Beginning with the line that holds "Kalligraphie Alphabet. Kalligraphie, handgeschriebene" and ending with the last line below, repeat each line exactly, leaving any pictures out.

(INFORMATION SUPPLIED)

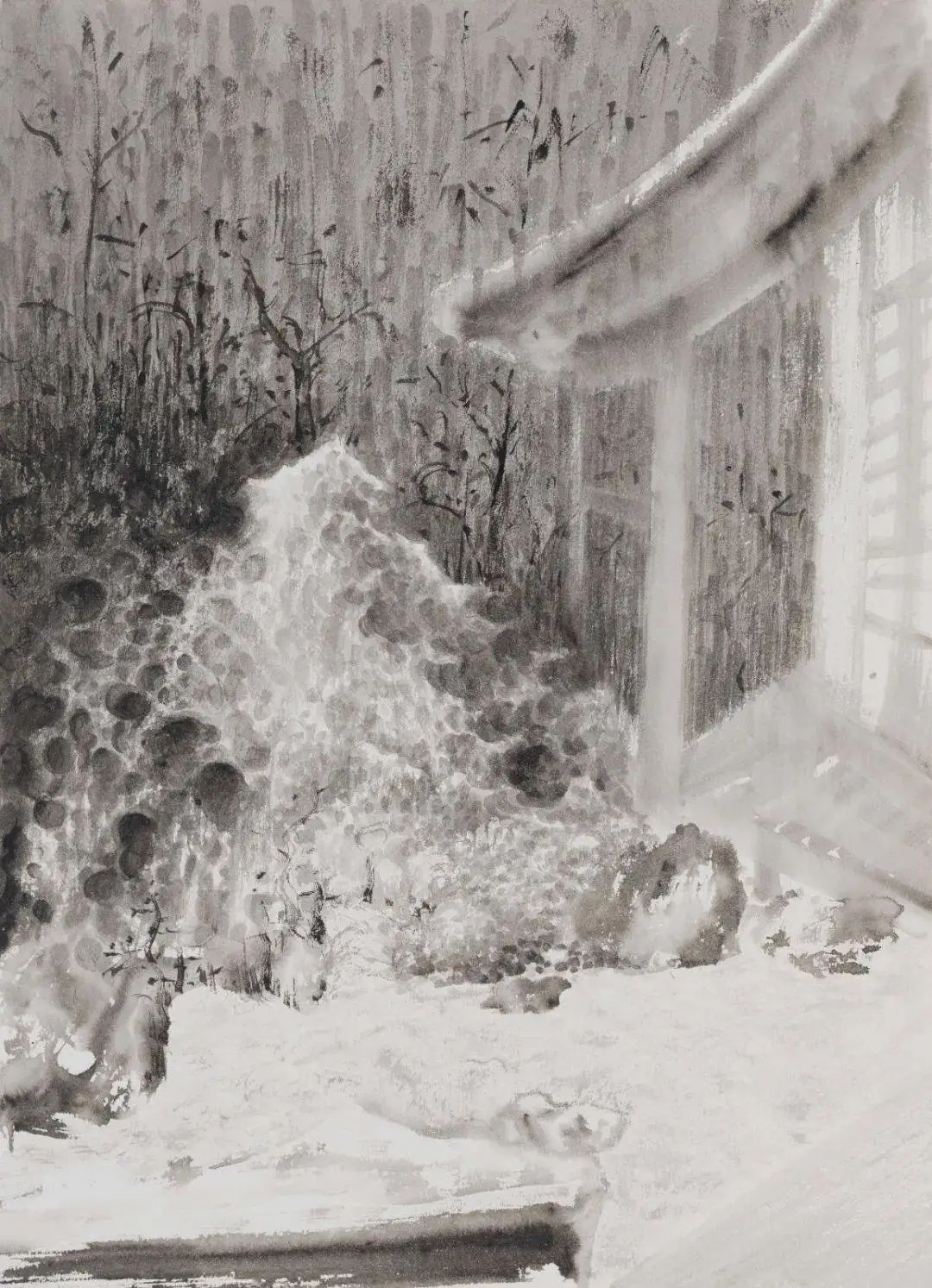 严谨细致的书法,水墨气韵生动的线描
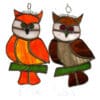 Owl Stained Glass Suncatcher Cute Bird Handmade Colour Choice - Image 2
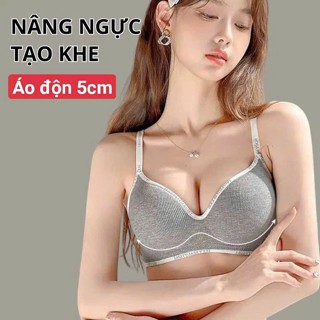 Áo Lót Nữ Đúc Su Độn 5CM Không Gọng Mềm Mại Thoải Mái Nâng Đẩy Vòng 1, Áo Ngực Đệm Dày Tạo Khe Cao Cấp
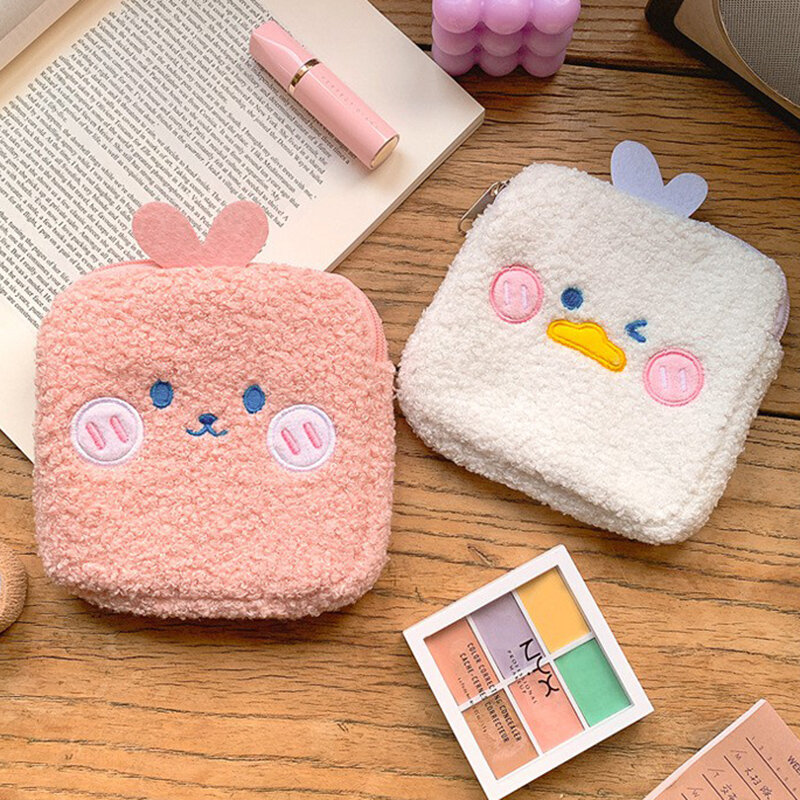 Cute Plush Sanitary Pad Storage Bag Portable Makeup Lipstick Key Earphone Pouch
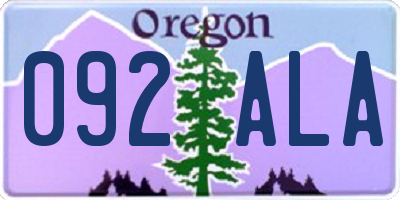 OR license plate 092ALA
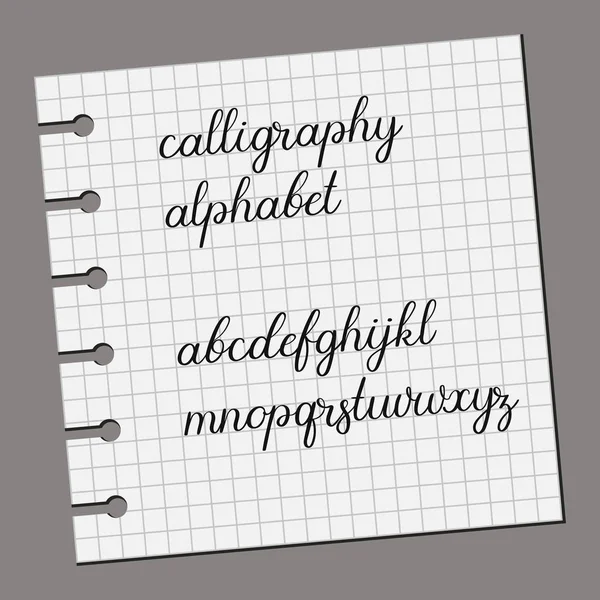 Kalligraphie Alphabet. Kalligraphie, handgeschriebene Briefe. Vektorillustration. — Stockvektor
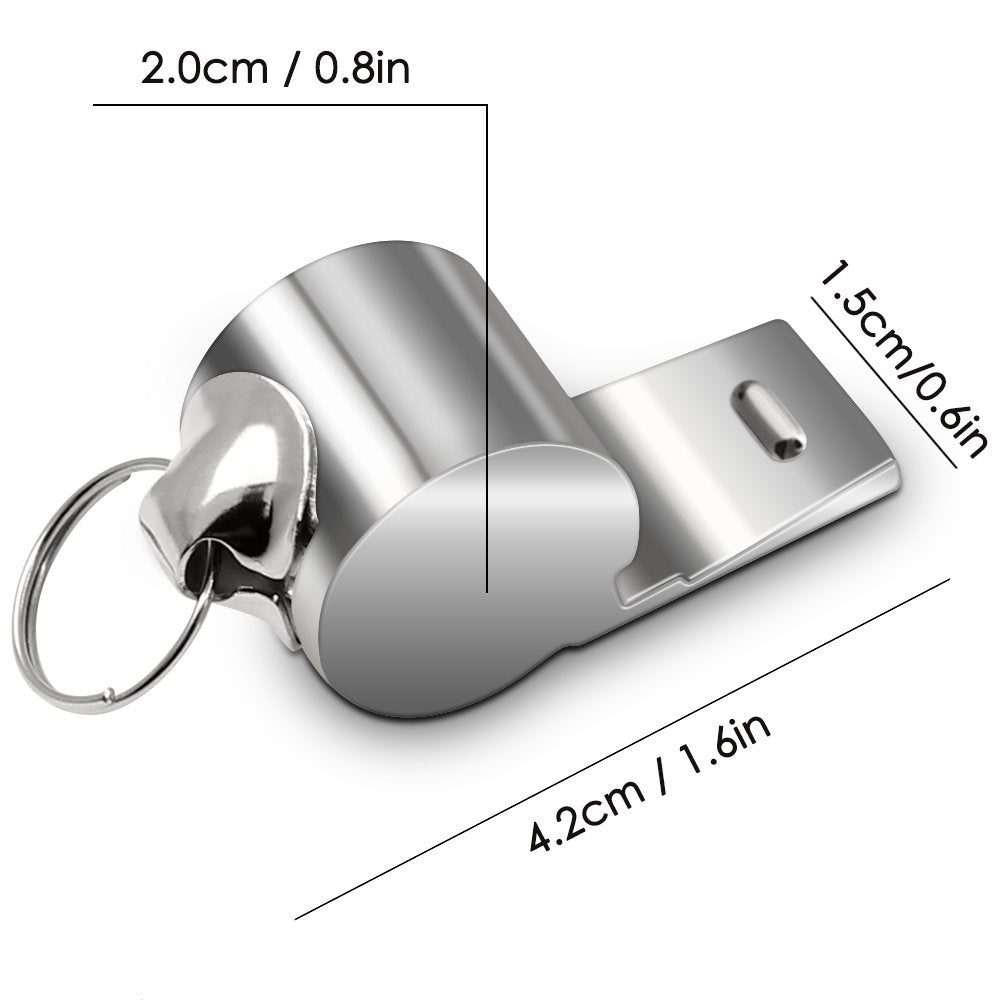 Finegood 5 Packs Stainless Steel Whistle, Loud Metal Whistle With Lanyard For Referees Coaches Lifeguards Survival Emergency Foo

(End INFORMATION SUPPLIED)

ANSWER TO THE EXERCISE:
 Kalligraphie Alphabet. Kalligraphie, handgeschriebene Briefe. Vektorillustration. — Stockvektor
 Finegood 5 Packs Stainless Steel Whistle, Loud Metal Whistle With Lanyard For Referees Coaches Lifeguards Survival Emergency Foo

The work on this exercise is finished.